How to find sum of digits of very large number?

ALCATRAZ1 - SUM OF DIGITS

think of the addition problems that you have done in your primary classes.

take input of numbers as strings and you try you’ll get it

**C++**

The limit of long long int is ~10^19. If you number is bigger than that, take the input as a string, add individual characters.

**Python :**

You have no limit on length of integer.

**Java**

Use BigInteger

@rashedcs You can use either Big integer(for using big integers in c++ you can use boost library) or can take input in string and then perform addition.

Implementation using C++ boost library (**link**) and using char array to store the number **(link)**.

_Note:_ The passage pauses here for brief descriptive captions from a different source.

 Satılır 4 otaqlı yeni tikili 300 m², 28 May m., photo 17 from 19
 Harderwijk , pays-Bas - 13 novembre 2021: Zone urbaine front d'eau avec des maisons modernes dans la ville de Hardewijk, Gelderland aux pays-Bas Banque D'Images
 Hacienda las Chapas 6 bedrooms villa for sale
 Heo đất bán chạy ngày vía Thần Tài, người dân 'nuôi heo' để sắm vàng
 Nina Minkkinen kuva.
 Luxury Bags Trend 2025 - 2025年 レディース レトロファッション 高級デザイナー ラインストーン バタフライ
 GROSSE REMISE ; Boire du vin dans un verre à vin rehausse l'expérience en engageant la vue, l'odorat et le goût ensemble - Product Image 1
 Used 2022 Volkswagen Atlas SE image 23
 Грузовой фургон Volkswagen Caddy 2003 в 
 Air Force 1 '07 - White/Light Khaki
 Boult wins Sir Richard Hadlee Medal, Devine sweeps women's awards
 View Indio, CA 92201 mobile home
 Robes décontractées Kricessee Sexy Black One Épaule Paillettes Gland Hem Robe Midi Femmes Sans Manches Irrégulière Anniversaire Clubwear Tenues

if size is 10^50 the how to solve this…

if you have to find the sum of n natural digits then simply the formula n*(n+1)/2 is applicable.

Use Big Integer in Java or take the input number as strings and perform addition of individual strings.

USE LONG INT OR LONG FLOATING POINTS in C++

@rashedcs I have added the implementation of both approaches, you can check them to solve the question.

If size is 10^50…then???

C++ users use String to store the digits … then traversal of string is equivalent to traversal of each digit…

Try this problem to get the hold of it:

You can store the number in a string and calculate the sum of digits by reading one character at a time.

string s;

cin>>s;

long long x=0;

for(int i=0;i<s.length();i++)

x+=(int)s[i]-‘0’;

cout<<x;

in string you can store 10^64-1 digits